Erst heute, da ich selber im Grossmutter-Alter bin, geht mir ein Licht auf. Wenn ich meine Hände betrachte, sehe ich auf den Handrücken vor allem Falten und Runzeln. An den Fingergelenken verlaufen sie quer, und auf den Handrücken längs, entlang den ebenfalls deutlich hervortretenden, zu den Fingern führenden Sehnen und Adern. Alles andere als die niedlichen Patschhändchen von kleinen Kindern. Oder die zarten, langfingrigen Hände eines Teenagers.
"Da ging mir ein Licht auf: Das mit der
"Hygiene" war nur ein Vorwand gewesen!"
Da ging mir ein Licht auf: Das mit der "Hygiene" war nur ein Vorwand gewesen! Oder allenfalls ein willkommener Nebeneffekt des Handschuhtragens, aber nicht der eigentliche Grund. Möglicherweise dienten auch schon die durchbrochenen Spitzenhandschuhe, wie sie, viel früher noch, von Fächer schwingenden Hofdamen getragen wurden diesem Zweck, sprich: der Verschleierung von Tatsachen.
Ich musste damals als Kind beim Anblick eines solchen Handrückens immer an Maultaschen denken. Maultaschen sind eine Spezialität der schwäbischen Küche: Taschen aus Nudelteig mit einer Füllung aus Brät, Spinat, Zwiebeln und eingeweichtem Brot. Eine nördliche Variante der Ravioli. Meine Grossmutter machte sie zu Hause selber. Die Küche war dann jeweils blockiert, da alles, was sich als Unterlage eignete, mit dem dünn ausgewallten Teig belegt war. Mit einem Rädchen wurden kreisförmige Teigplätzchen ausgeschnitten und einzeln mit der Füllung belegt.
Darauf kam der "Deckel" mit der gleichen Form wie der Boden, und deren Ränder – das war dann jeweils die Arbeit für uns Kinder – mussten mit den Zinken einer Gabel aufeinander gedrückt werden, damit die Füllung später beim Kochen im Salzwasser nicht herausquellen konnte.
Genau diese Füllung macht es aus, dass ich bei Anblick meiner Hände immer an Maultaschen denken muss: es bildete sich nämlich im kochenden Wasser auf der Oberfläche der gefüllten Teigtäschchen ein Netz von gewölbten, schnurförmigen Linien. Diese schimmerten, wohl auf Grund des Spinats in der Füllung, grünbläulich durch den Teig. Und das sah dann aus, wie die Handrücken meiner Grossmutter. Und wie heute meine eigenen!

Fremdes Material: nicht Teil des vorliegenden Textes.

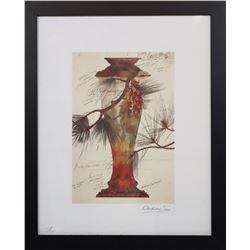 Cris Pallerie Galle Lithograph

Vielleicht sollte ich mir ein paar Spitzen- oder Lederhandschuhe anschaffen. Das Argument der Hygiene im Tram ist ja heute noch – oder wieder – zutreffend. Und statt aufgemalt auf Email-Schildchen, könnten Anstandsregeln wie "Nicht auf den Boden spucken!" über das elektronische Laufband flimmern. Da gucken ja alle hin.
9. Dezember 2013
"Wir haben gelebt, mal gut, mal schlecht"
Beim Lesen Ihrer Kolumne kam mir spontan die Idee, eine Art Gesichts- und Halshülle zu kreieren. Man könnte im Sommer einen schönen, luftigen Hochzeitsschleiertüll dafür verwenden, oder selbst etwas Schönes häkeln.

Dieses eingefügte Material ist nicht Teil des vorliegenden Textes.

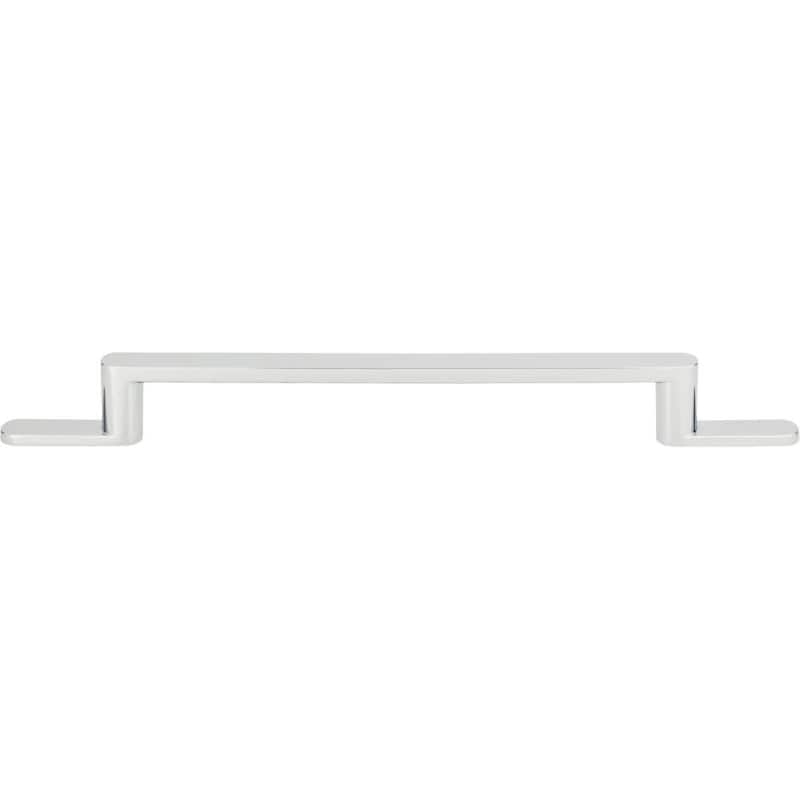Atlas Homewares Alaire 7-9/16 Inch Center to Center Handle Cabinet - Polished Chrome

Doch dann verwarf ich die Idee ganz schnell wieder und schalt mich, dass ich überhaupt darüber nachdachte! Auch ich bin schon (Himmel, wo ist die Zeit geblieben) seit kurzem Grossmutter und auch meinen Händen sieht man an, dass sie schon einige Jährchen gebraucht wurden.
Auch Gesicht und Hals waren dabei. Jedoch ist es doch genau das, was uns ausmacht. Wir haben gelebt; mal gut, mal schlecht, mal war es mittelmässig und das darf man uns auch ansehen. Obwohl ich diese feinen Handschuhe eigentlich sehr schön und weiblich finde, würde ich sie nie tragen.
Es gibt ja auch noch Wasser und Seife. Und was noch dazu kommt: Kein Mann würde sich über so etwas Gedanken machen! In diesem Sinne: Es lebe die Gleichberechtigung J!
Sylvie Sumsander, Birsfelden
"Die Falten übersehe ich"
Liebe Corina, Du sprichst mir aus dem Herzen, ich habe mich amüsiert über die Handschuh-Geschichte Deiner Grossmutter. Als naturverbundene Mutter und Grossmutter ziehe ich die Handschuhe lediglich gegen die Kälte an. Die Falten im Gesicht wie auf den Händen etc. übersehe ich nach dem trendigen Wort "think positiv". Viel Vergnügen auf dem Weg des Älterwerdens.